Your objective
Once the pictures are set aside, reproduce the remaining data exactly.

Material for this exercise
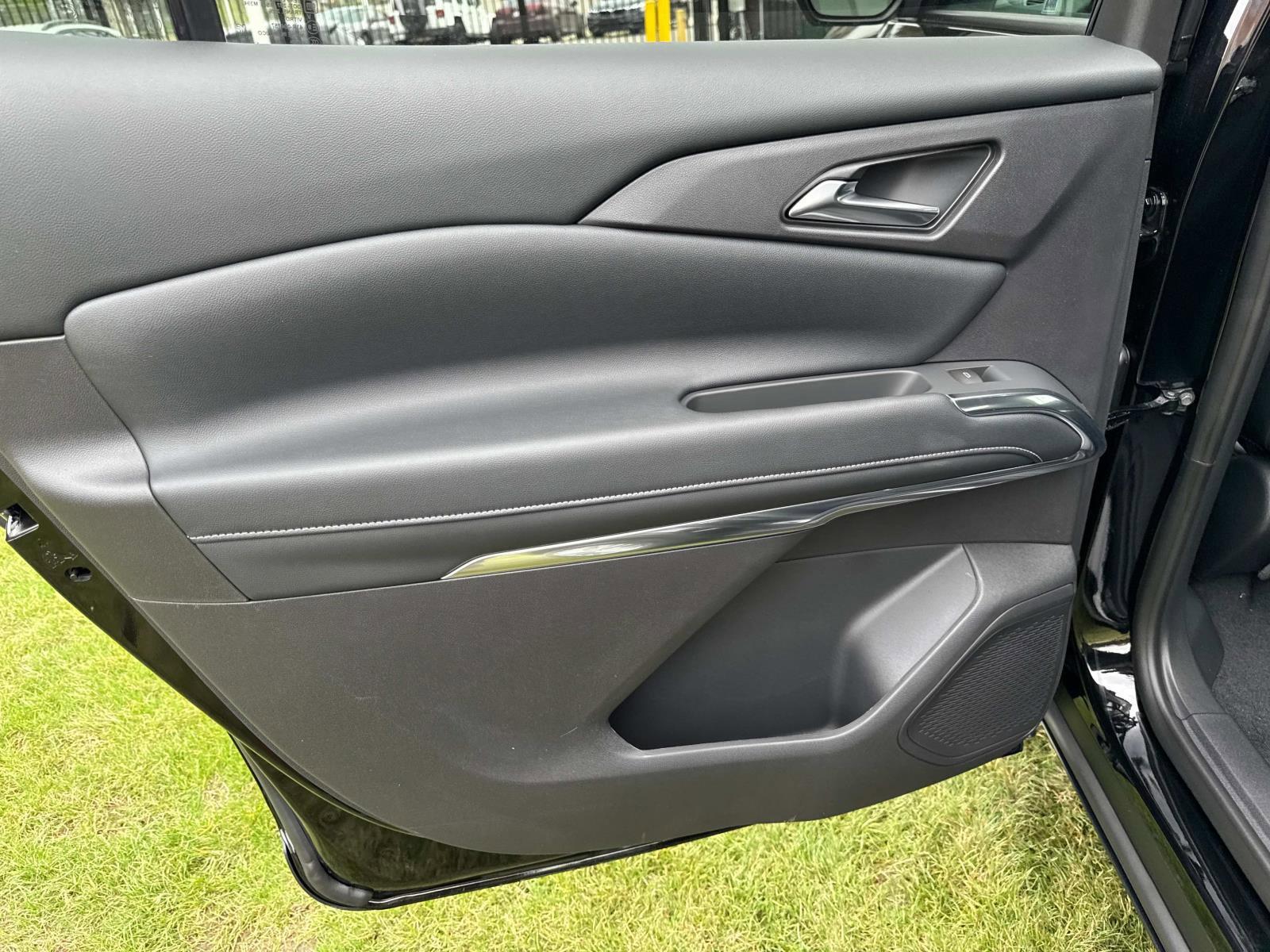 2025 Chevrolet Traverse Vehicle Photo in LOS ANGELES, CA 90007-3794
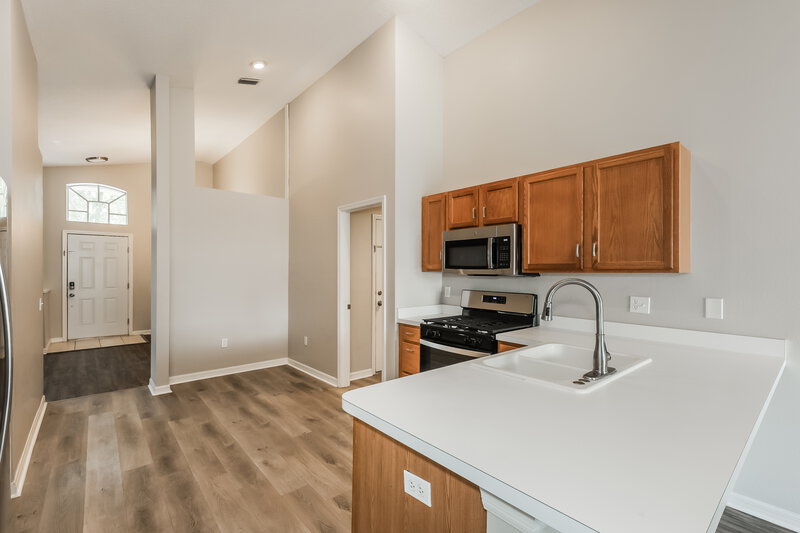 2,195/Mo, 506 Sunset Beach Ct Valrico, FL 33594 Kitchen View 2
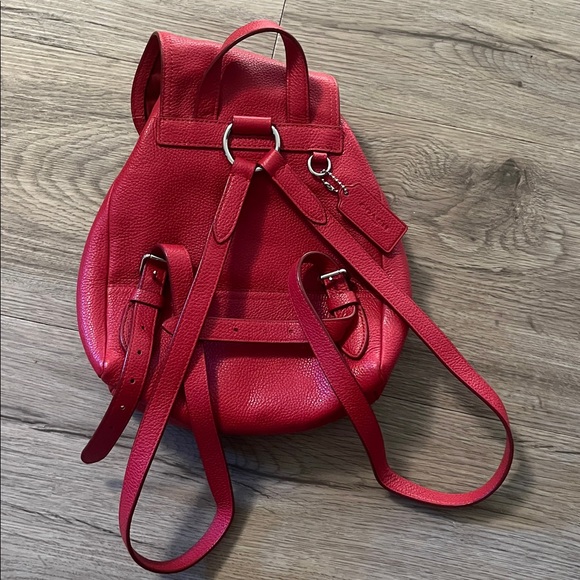 Coach vintage Red Leather mini backpack Bag - Picture 3 of 4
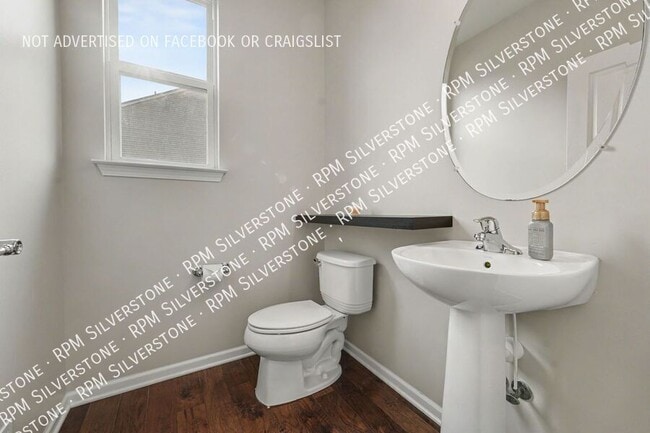 Building Photo - 1235 Ardmore-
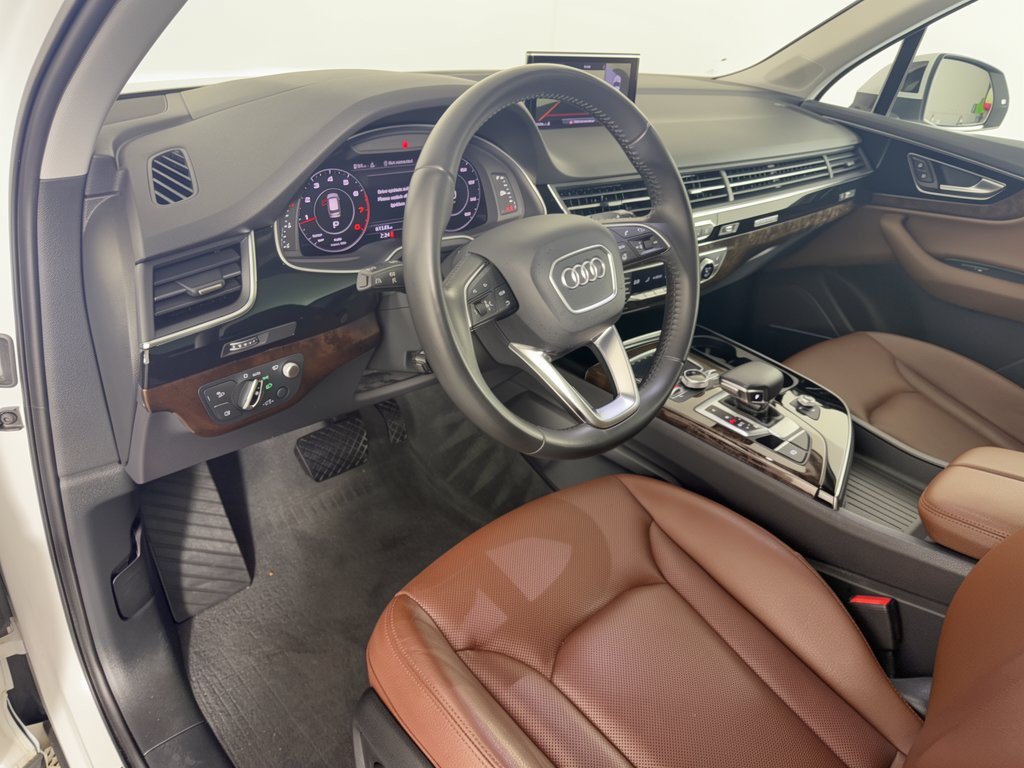 Used 2018 Audi Q7 3.0T Prestige w/ Prestige Package AWD/4WD image 4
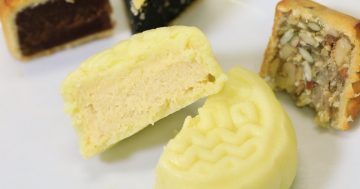 Mooncakes' gravitational pull brings Chinese community together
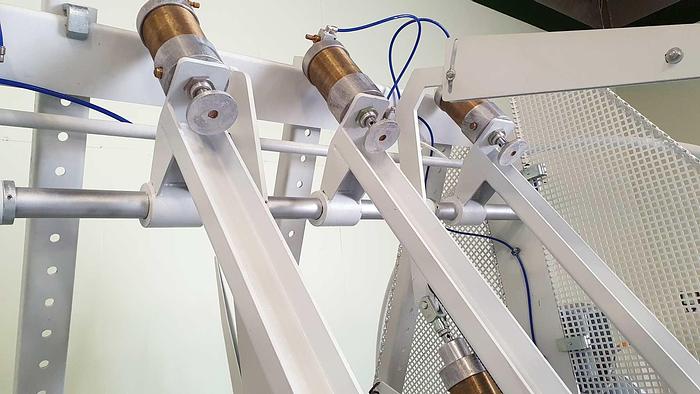 Refurbished Stromab ST2500 Rotary gluing press, year 2009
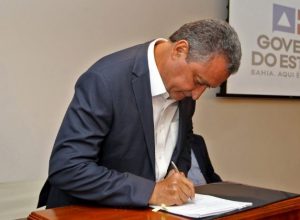 Rui Costa assinando decreto (Foto: Divulgação)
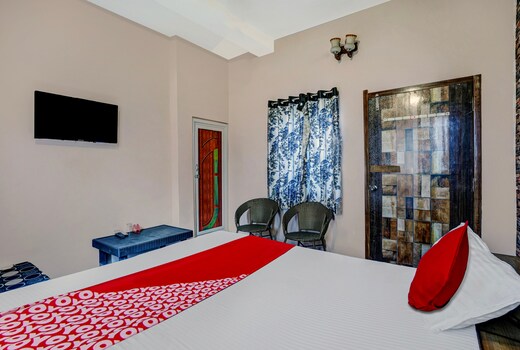 Hotel O Flagship Samargarh Resorts & Hotels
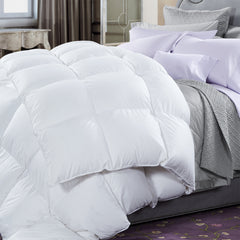 600 GSM Microluxe Down Alternate Quilt With Premium Microfiber Filling by Renee Taylor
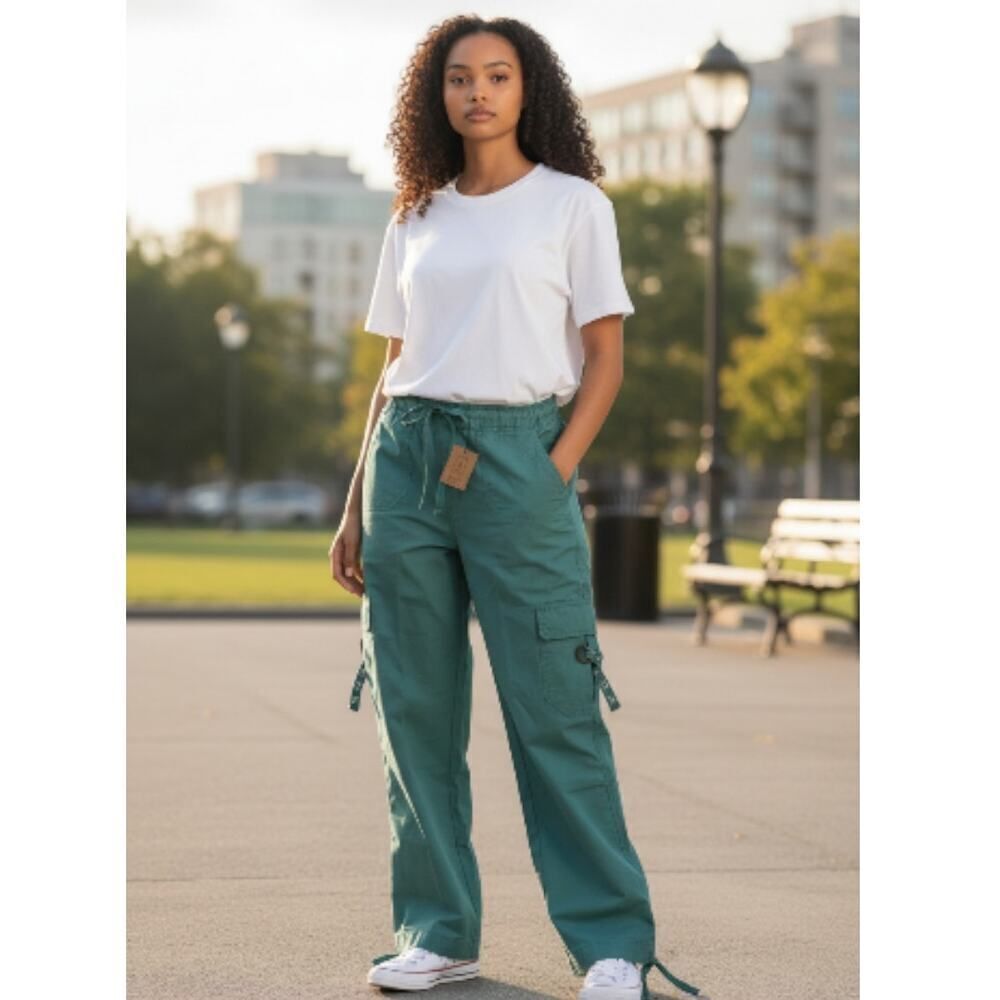 Venezia Women's Aqua Teal Cropped Cargo Pants - Size 14
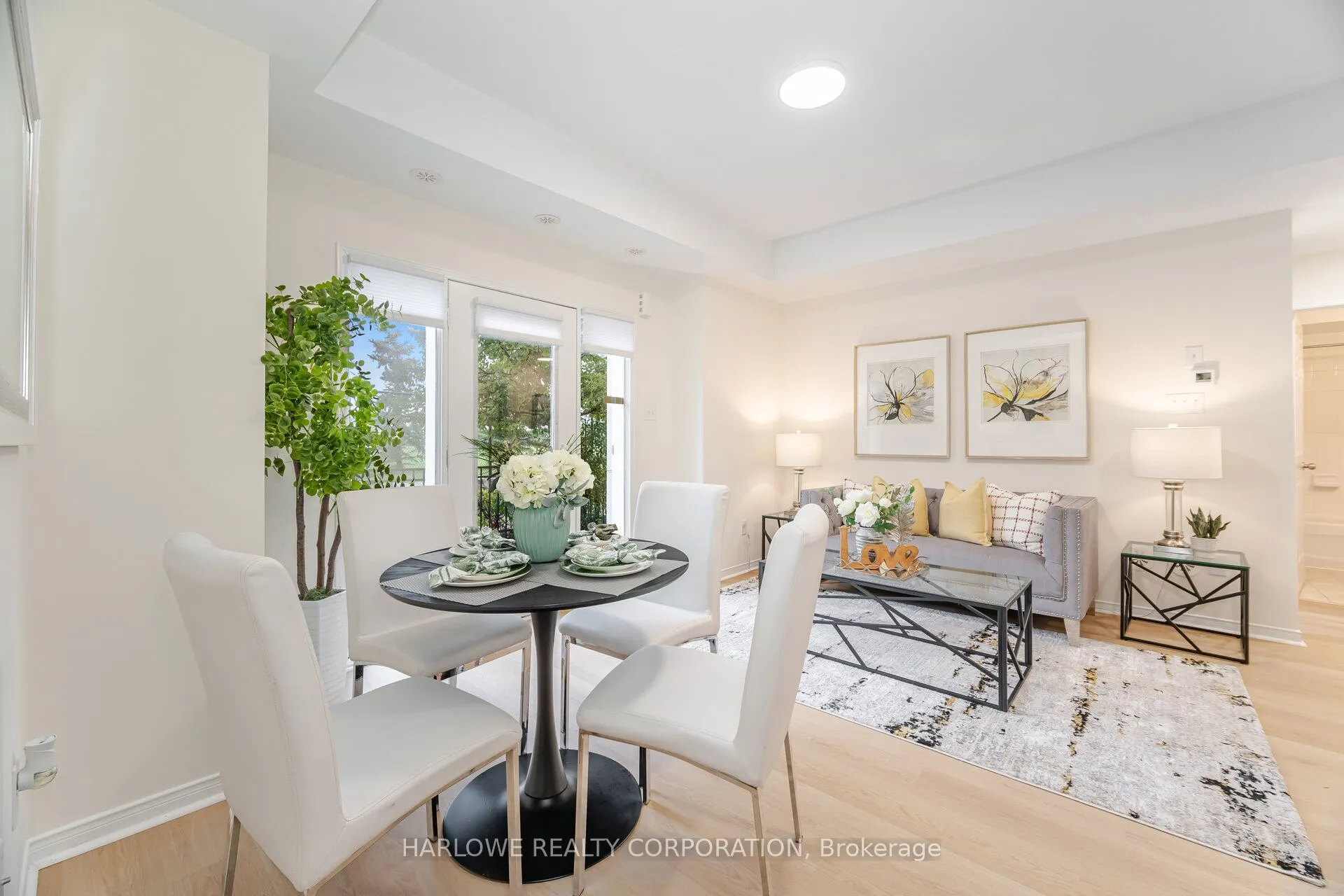 60 Fairwood Circle, #11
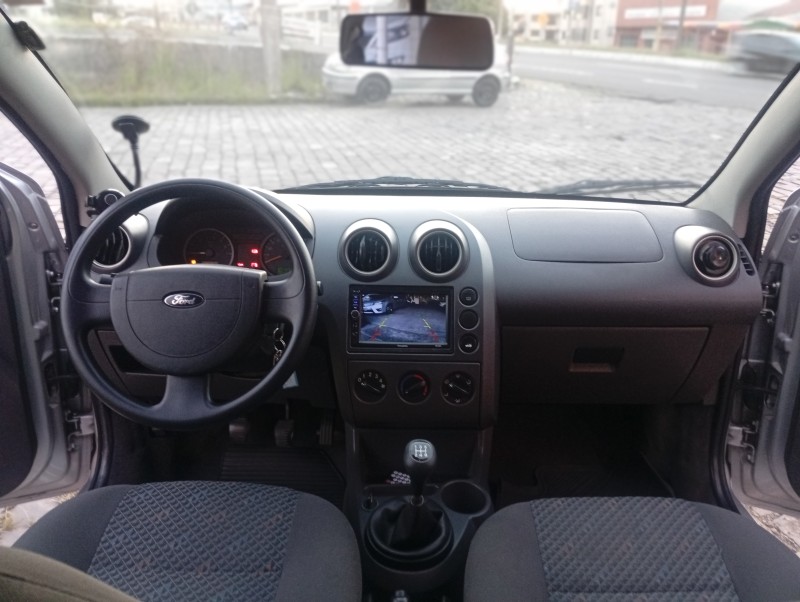 FIESTA 1.0 ROCAM HATCH 8V FLEX 4P MANUAL - 2005 - CAXIAS DO SUL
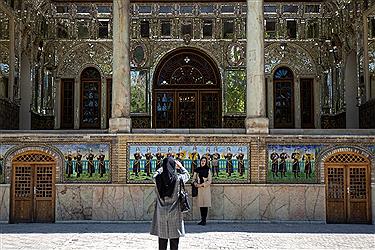 تصویر بازدید گردشگران نوروزی از کاخ گلستان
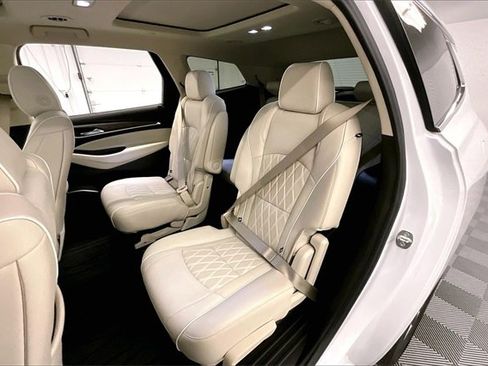 Used 2022 Buick Enclave Avenir image 21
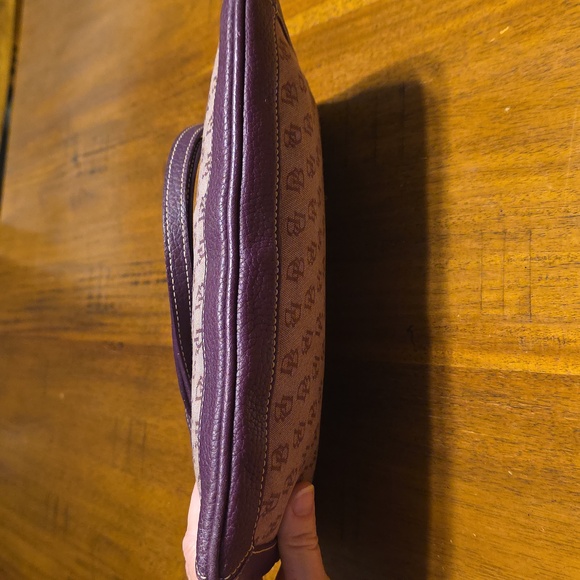 Dooney & Bourke Vintage purple logo canvas and dark purple shoulder bag - Picture 6 of 16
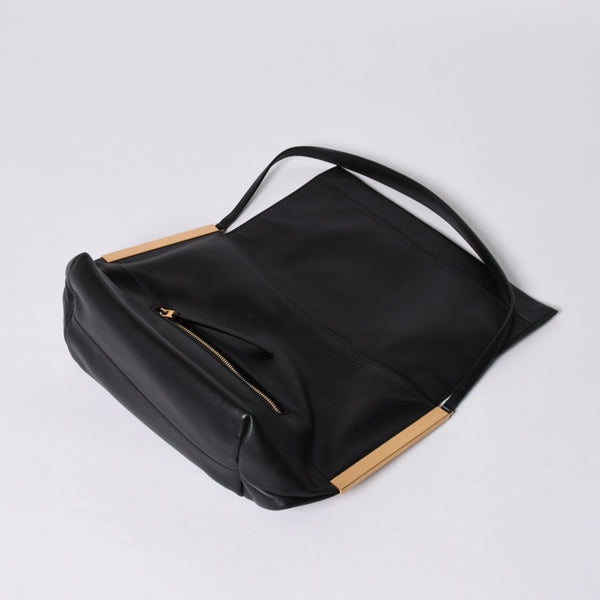 CELINE セリーヌ Clasp Shoulder クラスプライン ショルダーバッグ レザー Black ブラック 美品 中古 4a000808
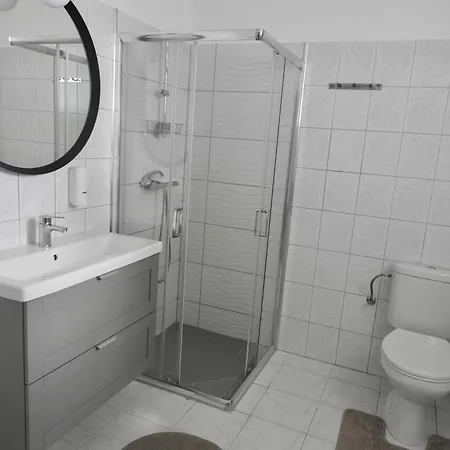 Hollik Apartmanház-3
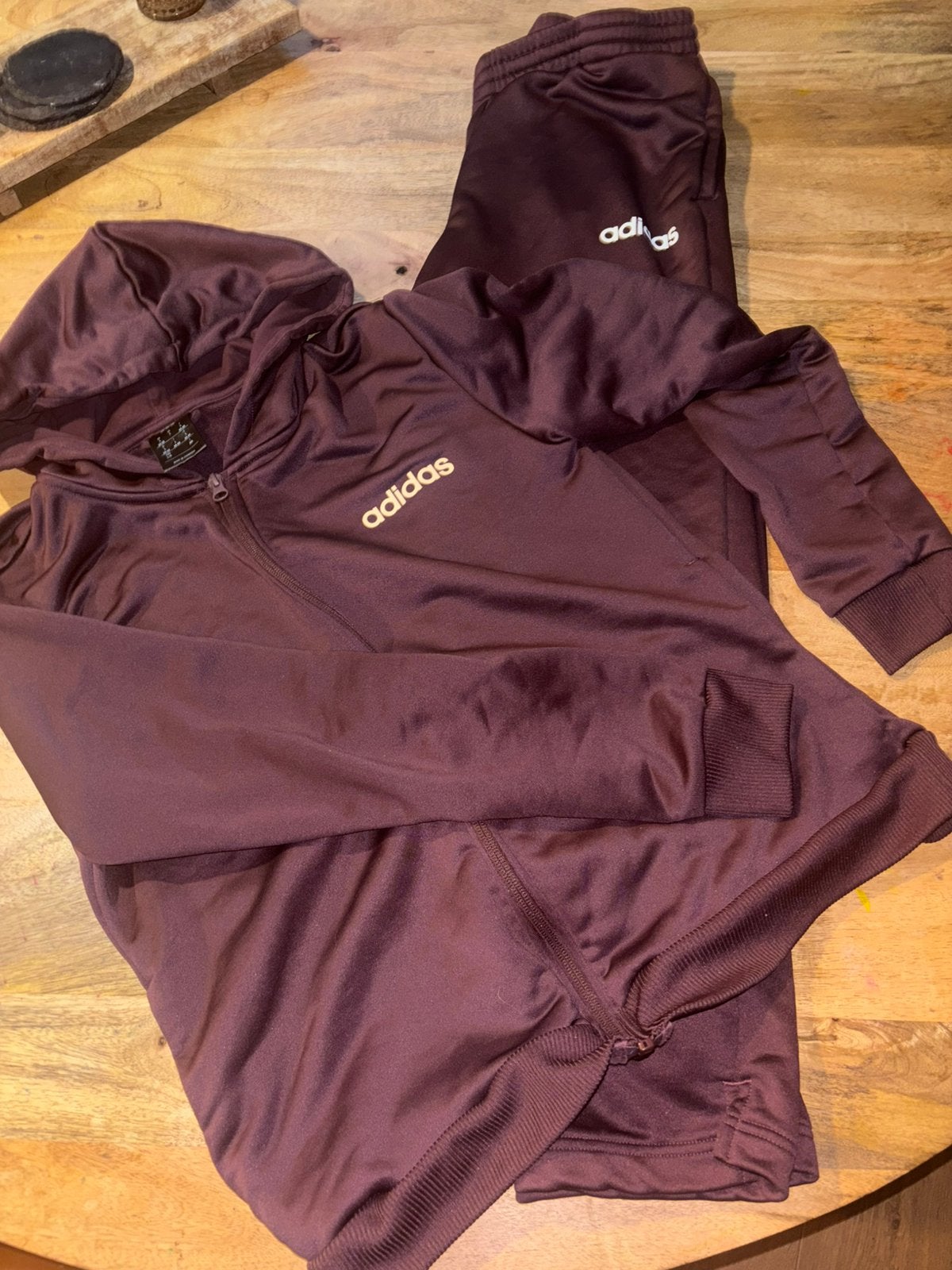 Adidas trainingspak bordeaux, Kleding | Dames, Huispakken, Ophalen of Verzenden, Zo goed als nieuw, Maat 42/44 (L), Rood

Written answer
 2025 Chevrolet Traverse Vehicle Photo in LOS ANGELES, CA 90007-3794
 2,195/Mo, 506 Sunset Beach Ct Valrico, FL 33594 Kitchen View 2
 Coach vintage Red Leather mini backpack Bag - Picture 3 of 4
 Building Photo - 1235 Ardmore-
 Used 2018 Audi Q7 3.0T Prestige w/ Prestige Package AWD/4WD image 4
 Mooncakes' gravitational pull brings Chinese community together
 Refurbished Stromab ST2500 Rotary gluing press, year 2009
 Rui Costa assinando decreto (Foto: Divulgação)
 Hotel O Flagship Samargarh Resorts & Hotels
 600 GSM Microluxe Down Alternate Quilt With Premium Microfiber Filling by Renee Taylor
 Venezia Women's Aqua Teal Cropped Cargo Pants - Size 14
 60 Fairwood Circle, #11
 FIESTA 1.0 ROCAM HATCH 8V FLEX 4P MANUAL - 2005 - CAXIAS DO SUL
 تصویر بازدید گردشگران نوروزی از کاخ گلستان
 Used 2022 Buick Enclave Avenir image 21
 Dooney & Bourke Vintage purple logo canvas and dark purple shoulder bag - Picture 6 of 16
 CELINE セリーヌ Clasp Shoulder クラスプライン ショルダーバッグ レザー Black ブラック 美品 中古 4a000808
 Hollik Apartmanház-3
 Adidas trainingspak bordeaux, Kleding | Dames, Huispakken, Ophalen of Verzenden, Zo goed als nieuw, Maat 42/44 (L), Rood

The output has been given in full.